As technology evolves and we gain more insights into how we work, many companies are discovering there’s a considerable gap in how employees and leaders perceive their work experiences. When engagement reports reveal a majority of employees remain disengaged at work, leaders are often left wondering how to create a good employee experience.
But employee experience is more than just a rebranding of engagement. Employee experience considers the entire journey a person has with an organization—from their first awareness of the organization, through the hiring process, their tenure at the company, as well as the experiences they have when they leave a company and become an alumnus.
When you consider employee experience as a journey, it becomes clear how important it is to take a more holistic view, similar to the way design thinking focuses on user experience or marketing teams research customer experience. To improve employee experience, you must first understand what a work day looks like for your employees.
Walk in their shoes
If you don’t know what a day in the life of your cashier, nurse, or customer service representative looks like, just ask. Often the disconnect between leaders and employees occurs because of distance and lack of communication. Even if your leaders rose through your organization to their current positions, few of those jobs look the same today as they did ten or even five years ago.
Related: Improving the Employee Experience: Where Does It Start?

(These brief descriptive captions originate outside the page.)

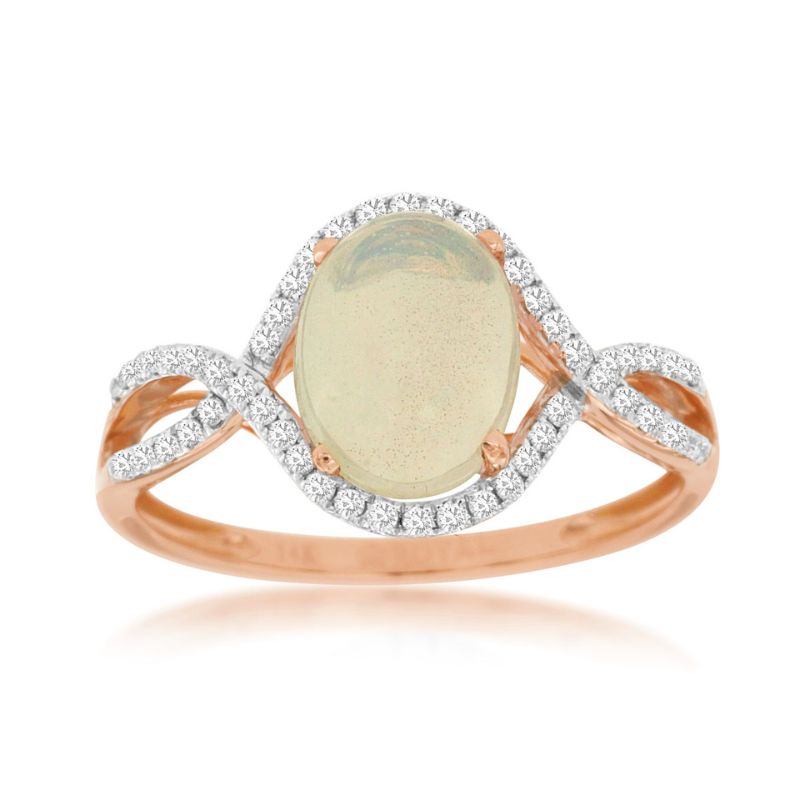 Opal & Diamond Halo Twist Ring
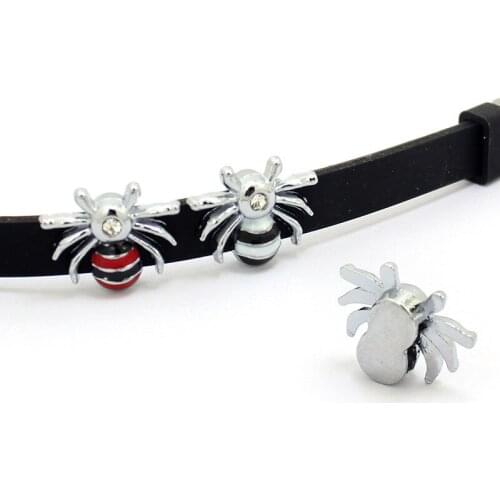 20pcs/lot Internal Dia 8mm Slide Charm Spider DIY Accessories fit 8mm wide belt pet collar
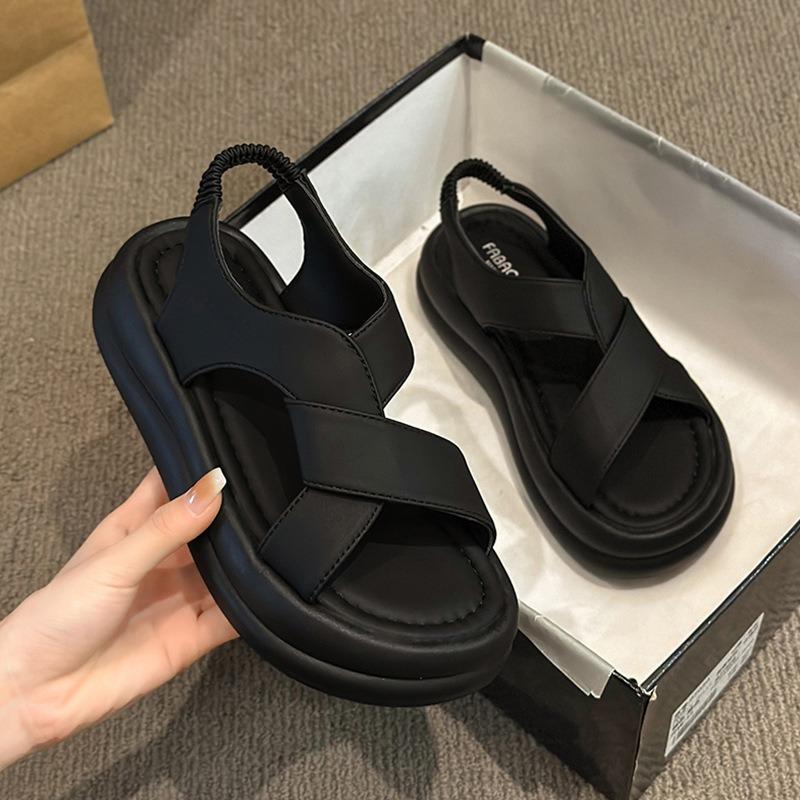 Thick-soled Muffin Cool Slippers for Women's Summer Wear, New Heightened High-heeled Soft-soled Skirt, Non-slip Beach Sandals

Before you can make improvements, you must understand where your organization is today. This means you may have to do some research to understand what employees experience during different phases of their career with your organization. Be sure your research includes new hires, those who are mid-career, those who are nearing retirement, as well as a cross-section of shifts, departments, and roles.

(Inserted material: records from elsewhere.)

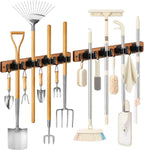 Lorbro 2 Pack Broom Holder Wall Mount, Wooden Broom and Mop Organizer Wall Hanging, Mop Hanger Rack with 4 Slots & 4 Hooks, Tool Organizer for Laundry Room, Closet, Garage, Kitchen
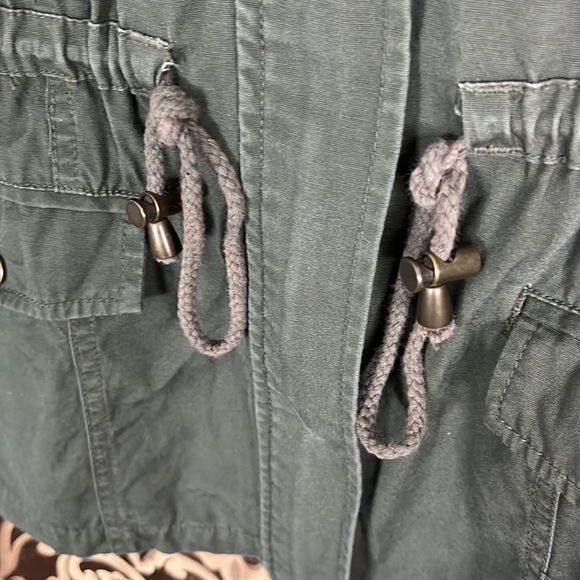 Chocolate Women’s Olive Green Utility Jacket with Hood - Picture 3 of 7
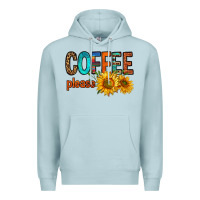 Blue Mist coffee please western doodle letters Premium Hoodie - FaDigitalArtStudio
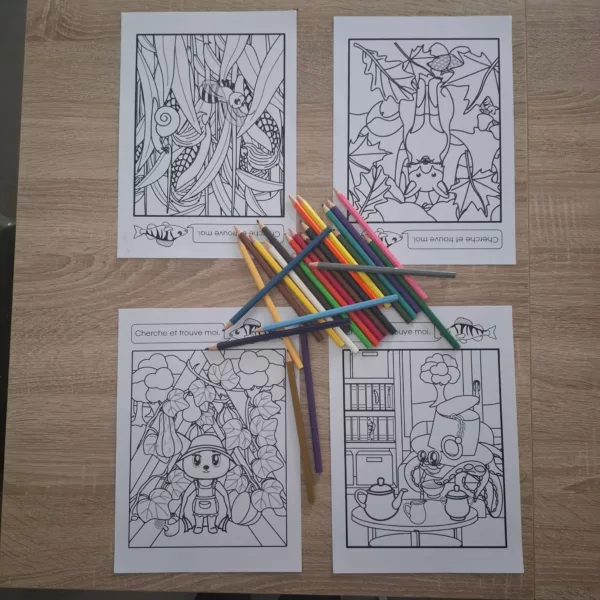 Un set de 4 coloriages automnales sur le thème de l’automne, à télécharger gratuitement dans la boutique souvenir d’Orage Coloré.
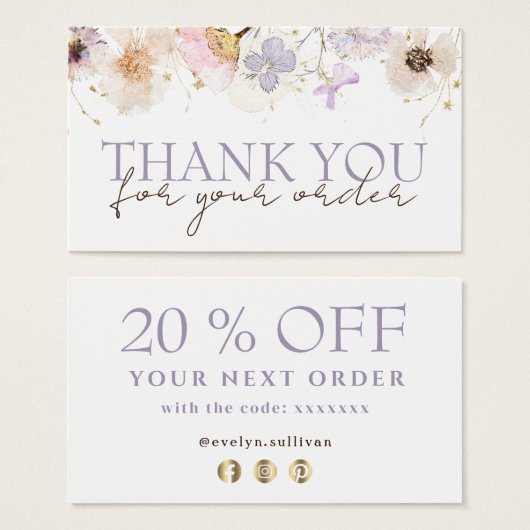 Gedroogde bloemen dank je korting op de kaart (Voorkant /achterkant)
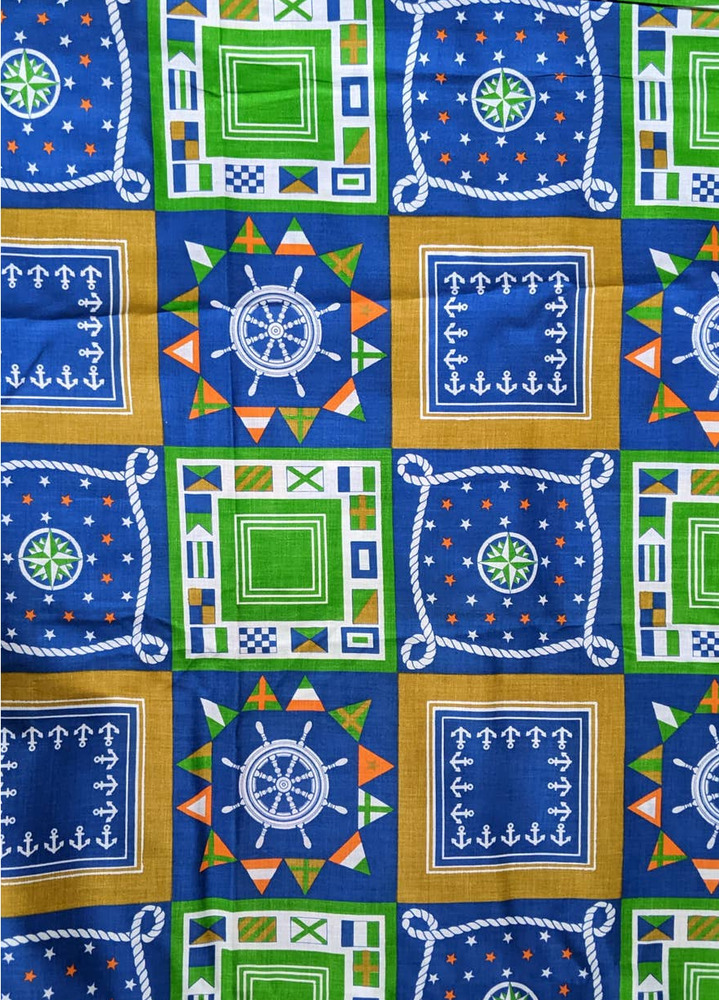 Vintage Nautical Novelty Print Cotton Woven Fabric Flags Anchors Quilting Sewing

When researching you can use surveys, focus groups, employee interviews, or consider a day of job shadowing. The key is to be curious, empathetic, and avoid making assumptions. Acquire as much information as you can from employees about what they like about their jobs, what processes are helpful, and what would improve about their jobs.
Find the pain points
As you conduct your research, you may uncover some areas ripe for improvement. In his book “The Employee Experience Advantage,” Jacob Morgan states every employee experience is comprised of three environments: physical, cultural, and technological.

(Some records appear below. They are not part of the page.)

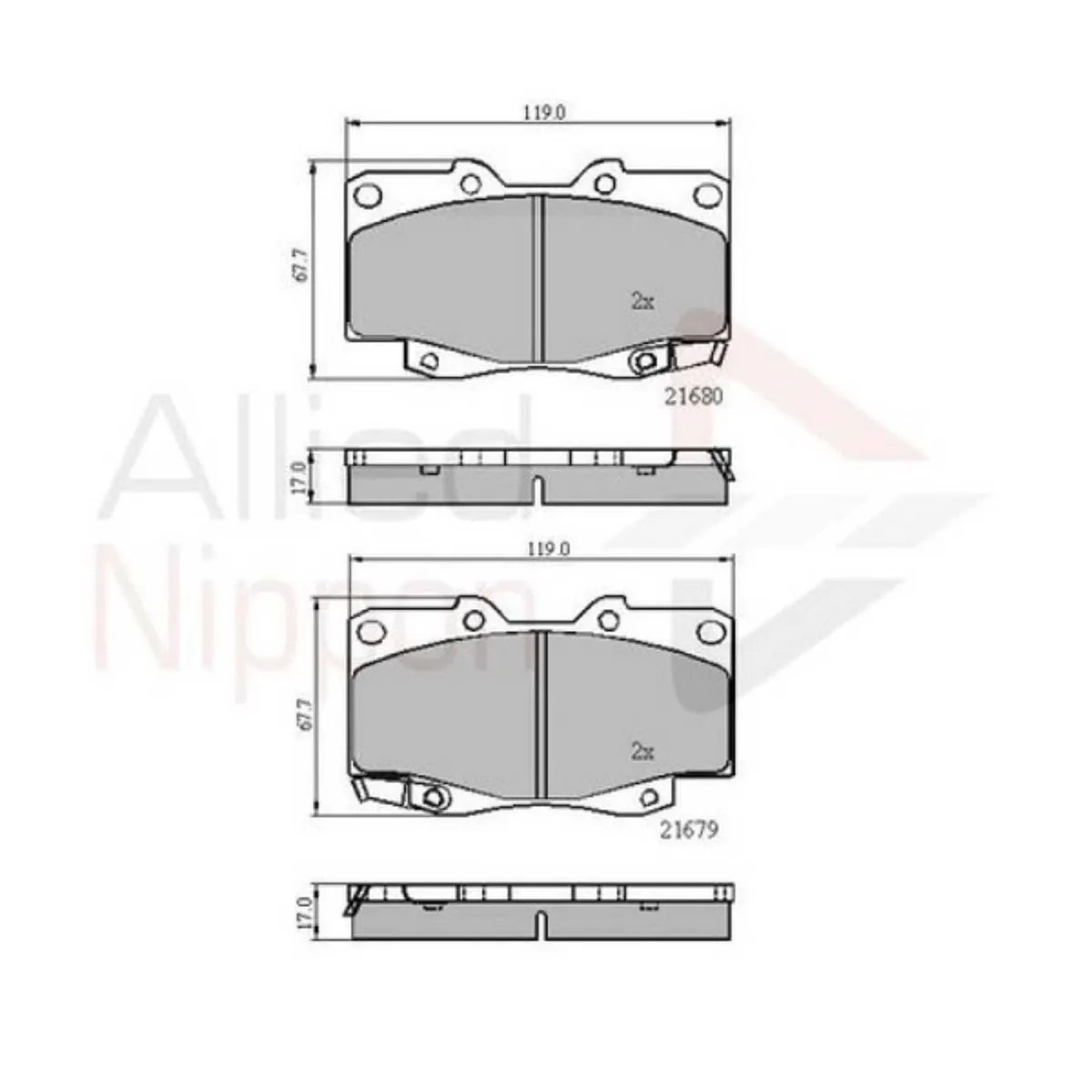 Toyota Hilux 2005-2009 Front Brake Pads - Image 1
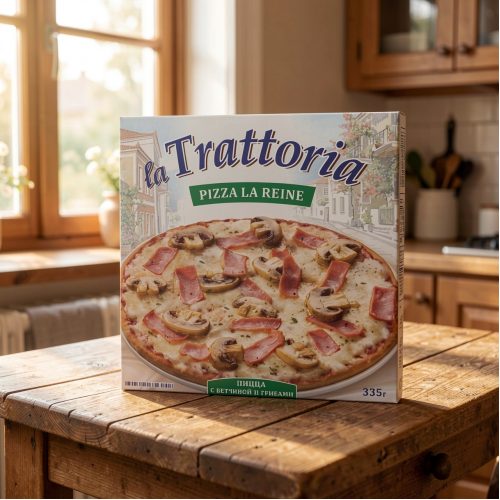 Пицца La Trattoria с ветчиной и грибами, 335 г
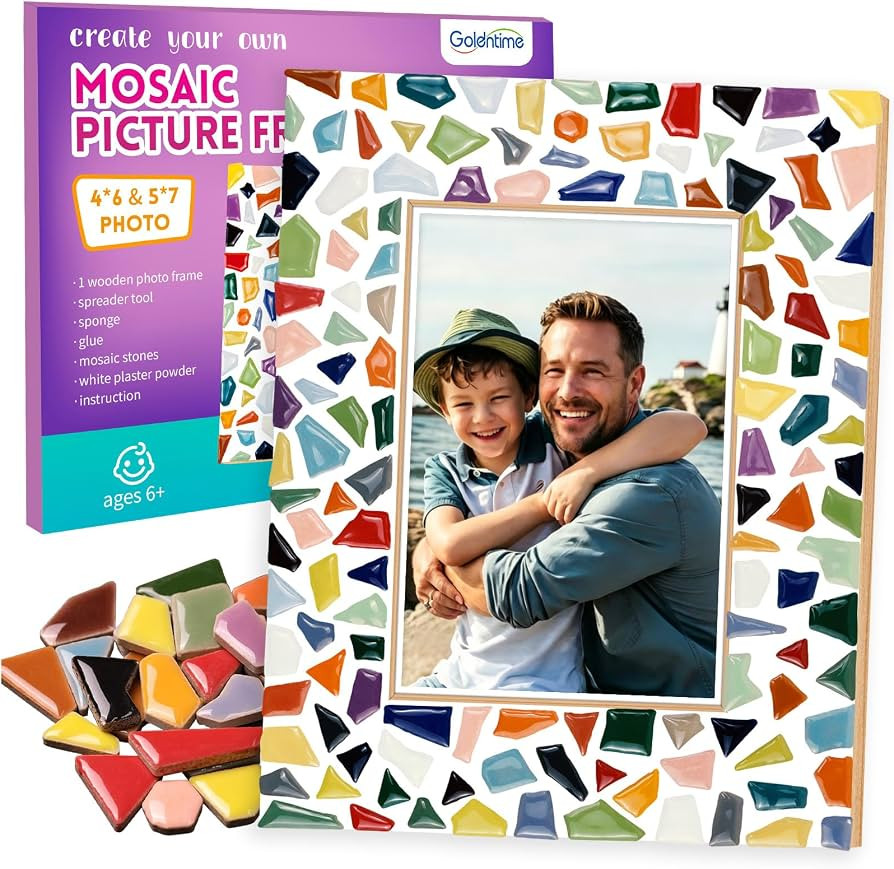 goldentime Decorate Your Own Mosaic Picture Frame - DIY Mosaic Craft Kits Fun Arts and Crafts for... | Amazon (US)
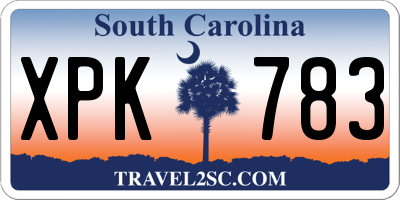 SC license plate XPK783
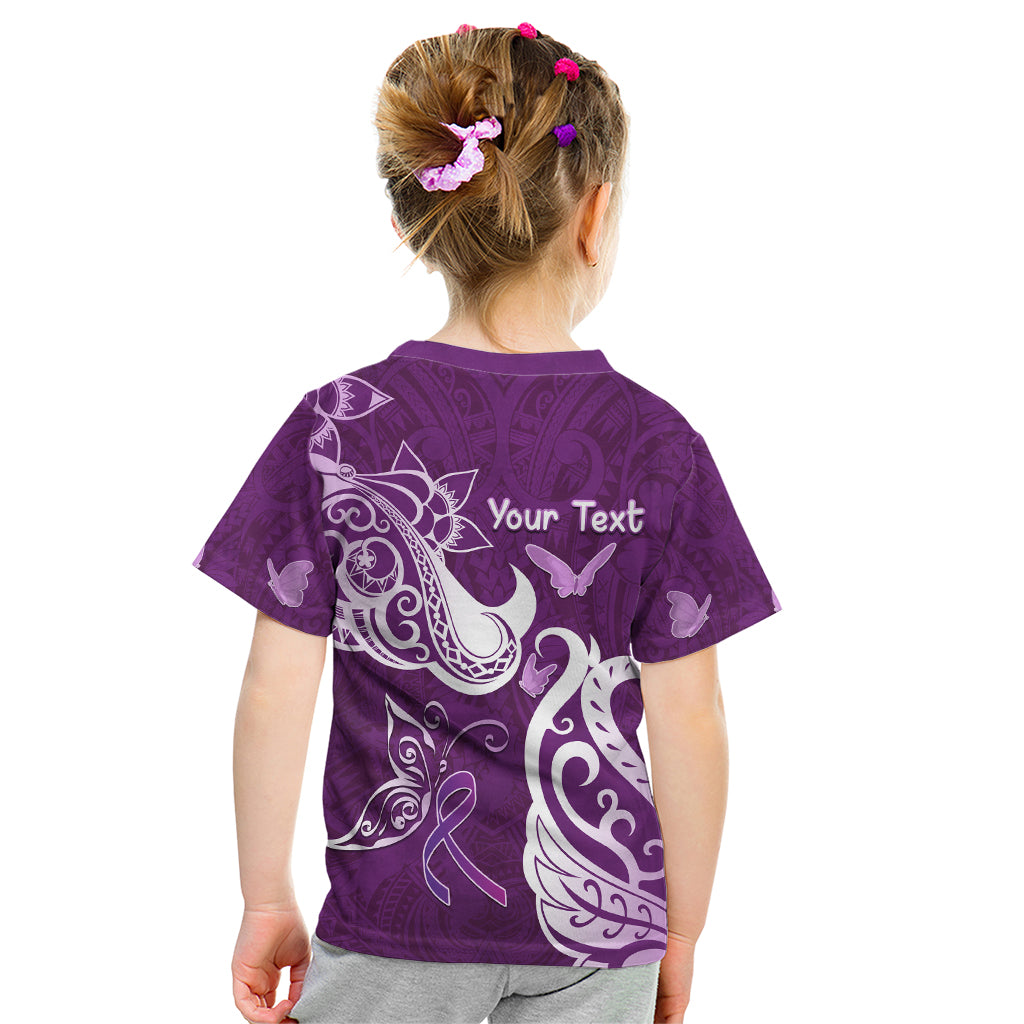 Personalised Fibromyalgia Awareness Kid T Shirt Polynesian Purple Ribbon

Ask specific questions about each of these areas to uncover what pain points employees experience on a regular basis. Understanding the most common frustrations employees face is an excellent way to create a plan for a good employee experience.
Think big, but start small to create a good employee experience
Now it’s time to start brainstorming solutions. If you break your research down into Morgan’s three environments, you may find one particular area has more pain points than others. Making adjustments to an environment with significant room for improvement can be a good way to see a positive impact quickly.
It’s often the little moments that have a significant impact on employee experience, whether positive or negative. These things may have easy, inexpensive solutions. Start by looking for a few small, actionable steps to improve first.
During your research, you may have discovered employees had suggestions to share, but didn’t know how to share them. Implementing a way for employees to submit unsolicited feedback doesn’t have to cost a lot, but can have a significant impact on how valued employees feel. Providing opportunities for improvement can lead to a good employee experience within your cultural environment.
Or you may have discovered the accounting team has to walk down the hall to another office to print quarterly reports because that’s the only color printer on their floor. This affects the employee experience in two of the three environments: technology and physical. A no-cost solution might be to relocate the color printer, or you may need to make a small investment in an additional one. By making printing more accessible, you’ll improve both environments with a single solution.
Of course, you may uncover more substantial issues during your research. Negative experiences within the technological environment may not always be easy or inexpensive to solve. You can add the more substantial improvements to a larger employee experience strategy to address in the future. However, by starting small and making low or no cost changes to improve the daily environment for employees, you can begin to improve employee experience sooner.
As Morgan points out, the majority of things that create a good employee experience are free. “What’s the cost of treating people well, giving them flexibility and autonomy, hiring a diverse group of people, and giving them the opportunity to learn and grow?” Morgan says, “How we treat our people is free.”